Education
Exam Eustress: Designing Brief Online Interventions for Helping Students Identify Positive Aspects of Stress
M. Reza, T. Li, et al.
The paper addresses how to design brief, voluntary, and scalable online interventions that help students reappraise exam-related stress as eustress that can aid performance. While stress is prevalent in higher education and often interpreted negatively, prior evidence suggests that reframing arousal can improve performance in acute stress contexts such as exams. The research question focuses on which online design components (amount of elaboration, modality, and reflection prompts) effectively reinforce a core stress reappraisal message and translate into improved exam outcomes in real-world course settings. The study’s purpose is to define and evaluate a practical design space for a single-page intervention (<5 minutes) that can be delivered at scale, with minimal instructor burden, to help students internalize and apply eustress during exams.
The related work spans: (1) Psychological research showing stress reappraisal can mitigate worry and enhance performance in acute stress and exam contexts; modalities such as videos, emails, and text have shown benefits, but direct comparisons and brief, scalable combinations are underexplored. (2) HCI work on technology-mediated mindset and behavior change at scale, including chat tools, conversational coaches, reflection for physical activity, CBT-based apps, and JIT interventions. This paper contributes by comparing modalities to communicate stress-reappraisal in large classes and by combining qualitative and quantitative evaluations. (3) Shift from distress-reduction approaches to eustress-focused reappraisal, motivated by evidence that reappraisal outperforms suppression and acceptance for moderating arousal and subjective stress, and can reduce negative emotional experiences. (4) Design factor grounding in multimodal presentation, marketing communication, instructional and multimedia learning, and reflective learning, motivating varied layouts (paragraph vs bullets), modalities (text vs video), validation (citation), and reflection prompts to support retention and behavior change.

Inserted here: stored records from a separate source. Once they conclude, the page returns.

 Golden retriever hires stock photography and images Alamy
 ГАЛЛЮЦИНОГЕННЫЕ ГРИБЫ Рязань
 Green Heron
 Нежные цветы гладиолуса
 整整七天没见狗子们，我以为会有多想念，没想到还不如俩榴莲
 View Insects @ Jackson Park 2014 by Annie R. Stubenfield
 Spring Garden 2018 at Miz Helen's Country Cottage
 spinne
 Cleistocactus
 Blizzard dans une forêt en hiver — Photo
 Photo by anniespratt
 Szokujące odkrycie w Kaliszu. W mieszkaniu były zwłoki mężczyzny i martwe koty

The authors defined a design space with a core message (D0: “Being stressed during an exam can actually help you do better”) and six optional factors: D1 explanatory elaboration (research-based rationale), D2 explicit suggestions with numbered steps, D3 instructional talking-head video delivering D2, D4 explicit citation and link to an empirical paper, D5 self-explanation prompt (voice/typing), D6 note-to-self prompt to use before the exam. Study 1: Semi-structured user interviews. Participants: N=20 students from a large introductory programming course (diverse years and disciplines; 14 women, 6 men). Procedure: remote interviews (45–60 minutes, $15/hr). Participants discussed past exam stress, then reviewed each component D0–D6 first individually (order of D2 text vs D3 video counterbalanced) and then all together on one page. Think-aloud was used; a silent notetaker recorded observations. Analysis: Reflexive thematic analysis (inductive), with stress mindset/reappraisal as a pre-existing code. Outputs: six qualitative findings (F1–F6). Study 2: Randomized field experiment. Context: Intro to Programming course (Spring 2020). Deployment: Optional intervention embedded in a graded online activity distributed ~10 days before an exam; activity completion earned 2% course credit. Randomization: Students assigned to control (no intervention) or treatment (D0 + random combination of D1–D6), with a 2:1 treatment:control split; automatic dual-anonymous randomization. Participants: 1,283 enrolled; data cleaning yielded N=664 for analysis (1,284 delivered; 1,014 clicked; 931 completed; 92 dropped/didn’t finish midterm; 175 completed after midterm; 664 final). Measures: Midterm exam score (dependent variable). Analysis: One-sided independent-samples t-tests comparing control vs treatment; linear regressions to assess add-on effects of D1–D6 within treatment; bootstrap validation of randomization balance; subgroup analyses by year (first-year vs upper-year) and gender identity; ANOVA and regression to test number of design factors. Handling of implementation artifacts (e.g., participants completing on multiple devices) was documented and sensitivity analyses yielded similar results.
Qualitative (Study 1, F1–F6):
- F1: D0 alone (brief message) is not convincing and can be misinterpreted; users desire explanatory context and timing clarity.
- F2: Research-based framing increases perceived credibility and reassurance.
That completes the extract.